Vancouver wasn’t alone in its fiery unravelling. By the late nineteenth century, North America was experiencing major urban fires almost every year, in large part because of the rise of hastily built, tightly packed wooden neighborhoods. As historian Daniel Immerwahr notes, the widespread use of wood may explain why American fires were “eight times costlier per capita than European ones” by the turn of the twentieth century.8
The Great Vancouver Fire may not be unusual in substance, but it is unusually absent from the city’s narrative of itself. In many American cities, the great fires of the nineteenth century are remembered vividly. “Atlanta, Lawrence, San Francisco, and Portland, Maine, all have flags featuring phoenixes,” writes Immerwahr. Novellists like E.P. Roe and Horatio Alger Jr. spun out motivational narratives of conflagration for the general public.9
The Great Vancouver Fire, by contrast, has faded steadily into oblivion. Vancouver schoolteachers rarely mention the fire that more or less destroyed the community only 140 years ago. The melted remains of the St. James Church Bell are held in the Museum of Vancouver, a scarcely visited collection in the basement of a scarcely visited planetarium. It resembles one of Dali’s clocks; some grotesque mushroom; a postmodernist bronze sculpture at MoMA; anything but itself.

In part, this amnesia can be attributed to the city’s small population at the time of the fire. Vancouver had fewer than 15,000 people in 1886; Chicago had over 300,000 in 1871, the year of its first major fire. American conflagrations were larger, and American cities had more people to carry the memories forward.
In another sense, the fire’s disappearance is part of a deeper urban forgetfulness. “Vancouver has been called a city without a history,” writes urban historian Daniel Francis, “partly because of its youth but also because … it seems to change so quickly that it leaves no trace of itself behind.”10 In 1886, the city quite literally left few traces behind.
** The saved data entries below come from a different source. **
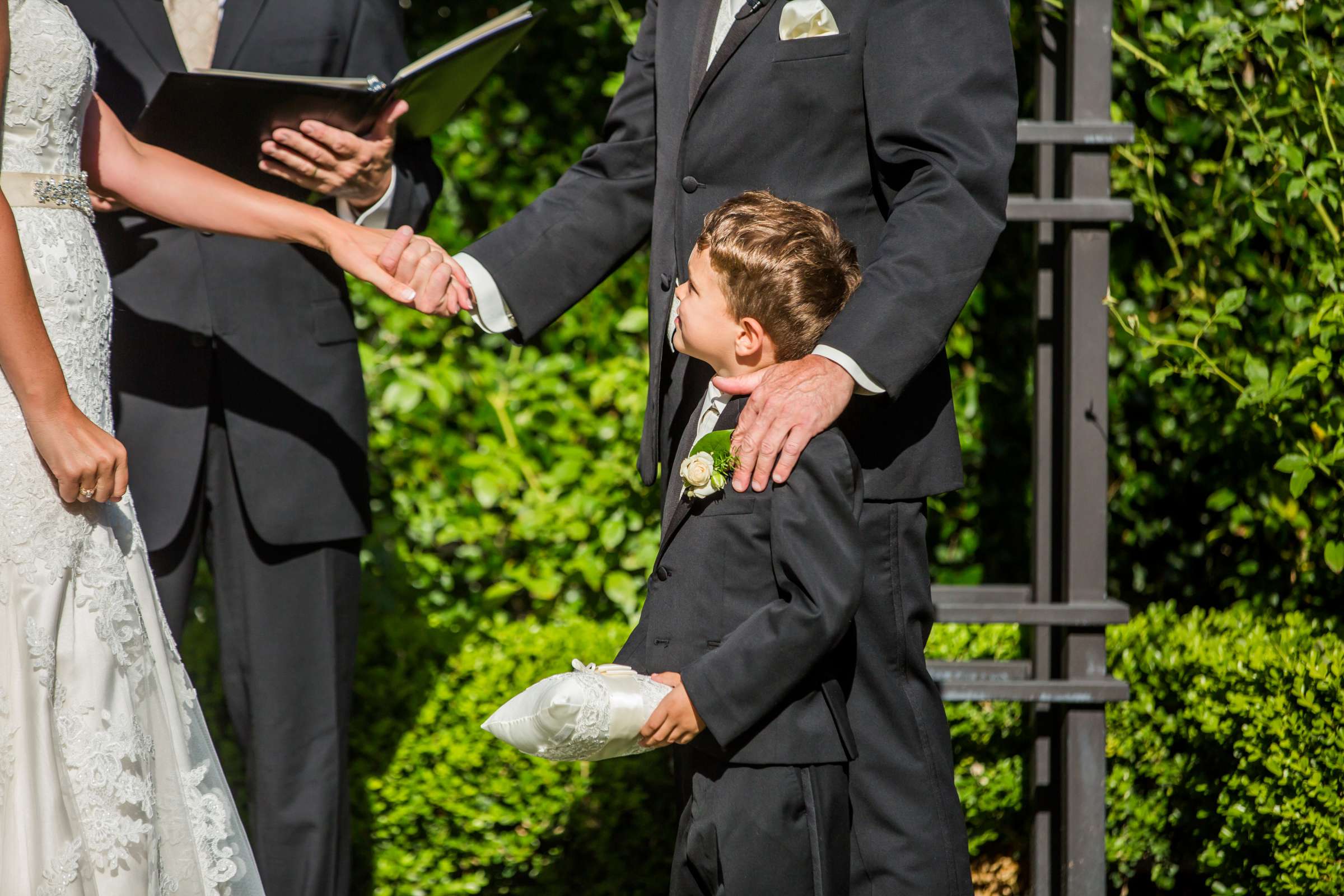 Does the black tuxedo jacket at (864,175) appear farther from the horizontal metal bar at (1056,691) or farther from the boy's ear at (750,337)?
the horizontal metal bar at (1056,691)

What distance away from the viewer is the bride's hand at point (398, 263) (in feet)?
8.21

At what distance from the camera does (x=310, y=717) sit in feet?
8.95

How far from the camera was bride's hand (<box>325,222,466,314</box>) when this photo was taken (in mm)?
2502

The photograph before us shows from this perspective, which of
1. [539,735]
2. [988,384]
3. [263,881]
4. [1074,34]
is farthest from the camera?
[988,384]

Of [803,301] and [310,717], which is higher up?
[803,301]

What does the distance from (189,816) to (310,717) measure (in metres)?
0.60

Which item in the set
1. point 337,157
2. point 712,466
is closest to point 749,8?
point 712,466

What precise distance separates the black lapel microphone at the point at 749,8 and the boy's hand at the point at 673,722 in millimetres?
1083

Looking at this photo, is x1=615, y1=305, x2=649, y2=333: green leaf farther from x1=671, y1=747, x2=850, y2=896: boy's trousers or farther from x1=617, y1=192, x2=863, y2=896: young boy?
x1=671, y1=747, x2=850, y2=896: boy's trousers

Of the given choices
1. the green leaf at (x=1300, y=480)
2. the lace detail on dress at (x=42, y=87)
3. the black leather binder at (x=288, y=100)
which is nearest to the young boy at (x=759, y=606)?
the black leather binder at (x=288, y=100)

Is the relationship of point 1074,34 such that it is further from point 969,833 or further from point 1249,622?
point 969,833

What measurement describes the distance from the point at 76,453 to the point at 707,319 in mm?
981

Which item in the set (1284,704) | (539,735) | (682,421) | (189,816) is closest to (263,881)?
(189,816)

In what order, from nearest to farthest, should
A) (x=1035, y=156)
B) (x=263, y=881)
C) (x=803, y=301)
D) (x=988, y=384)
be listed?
(x=803, y=301), (x=263, y=881), (x=1035, y=156), (x=988, y=384) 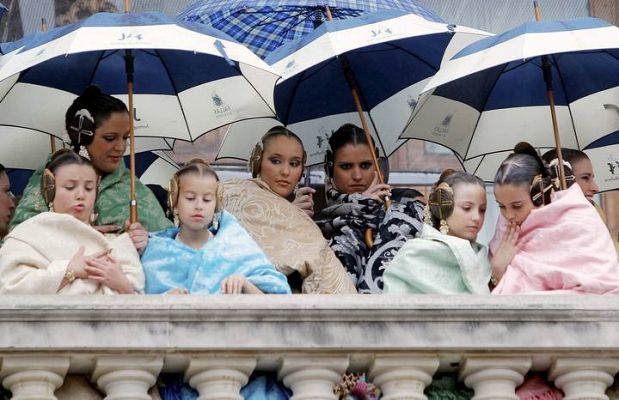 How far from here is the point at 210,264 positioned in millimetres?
9430

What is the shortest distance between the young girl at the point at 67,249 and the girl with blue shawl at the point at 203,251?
135 millimetres

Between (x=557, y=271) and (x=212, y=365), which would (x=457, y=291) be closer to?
(x=557, y=271)

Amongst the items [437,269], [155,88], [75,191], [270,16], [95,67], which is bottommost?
[437,269]

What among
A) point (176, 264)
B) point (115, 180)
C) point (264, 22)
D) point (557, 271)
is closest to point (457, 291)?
point (557, 271)

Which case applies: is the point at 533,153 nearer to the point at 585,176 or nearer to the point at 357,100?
the point at 585,176

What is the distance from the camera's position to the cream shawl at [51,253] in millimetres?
9016

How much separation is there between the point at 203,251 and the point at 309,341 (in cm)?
108

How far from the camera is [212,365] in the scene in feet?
28.1

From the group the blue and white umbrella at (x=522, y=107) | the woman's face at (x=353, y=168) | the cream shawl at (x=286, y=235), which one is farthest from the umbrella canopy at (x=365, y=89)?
the cream shawl at (x=286, y=235)

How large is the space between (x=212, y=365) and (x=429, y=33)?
128 inches

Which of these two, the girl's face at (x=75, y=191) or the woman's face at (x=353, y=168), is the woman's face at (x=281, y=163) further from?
the girl's face at (x=75, y=191)

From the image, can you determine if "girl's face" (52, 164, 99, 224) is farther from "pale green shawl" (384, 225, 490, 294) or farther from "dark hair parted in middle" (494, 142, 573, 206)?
"dark hair parted in middle" (494, 142, 573, 206)

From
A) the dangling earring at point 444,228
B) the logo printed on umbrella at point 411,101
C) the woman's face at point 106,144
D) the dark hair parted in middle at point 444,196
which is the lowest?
the dangling earring at point 444,228

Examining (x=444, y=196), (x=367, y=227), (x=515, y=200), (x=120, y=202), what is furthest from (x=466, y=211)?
(x=120, y=202) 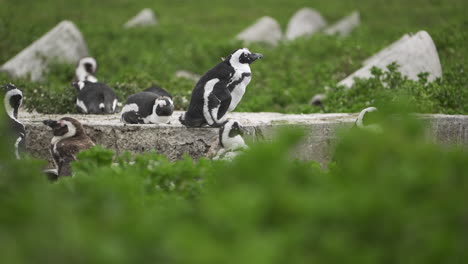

Major J.S. Matthews, Vancouver Historical Journal (City Archives of Vancouver, 1960), 31.
Matthews, Vancouver, 32.
Norbert MacDonald, “A Critical Growth Cycle for Vancouver, 1900–1914,” BC Studies, no. 3 (Fall 1969): 26.
Lisa Smith, Vancouver Is Ashes: The Great Fire of 1886 (Vancouver: Ronsdale Press, 2014), 2–5.
Matthews, Vancouver, 30.
“Crab Park: The Great Fire,” Vancouver Heritage Foundation, last modified April 15, 2019, https://placesthatmatter.ca/location/crab-park-the-great-fire/.
Lisa Anne Smith, Vancouver is Ashes: The Great Fire of 1886 (Vancouver: Ronsdale Press, 2014), 83.
Daniel Immerwahr, “All That Is Solid Bursts into Flame: Capitalism and Fire in the Nineteenth-Century United States,” Past & Present 265, no. 1 (November 2024): 99.
Immerwahr, “Capitalism and Fire,” 119-121.
Daniel Francis, Becoming Vancouver: A History (Madeira Park, BC: Harbour Publishing, 2021), 5-6.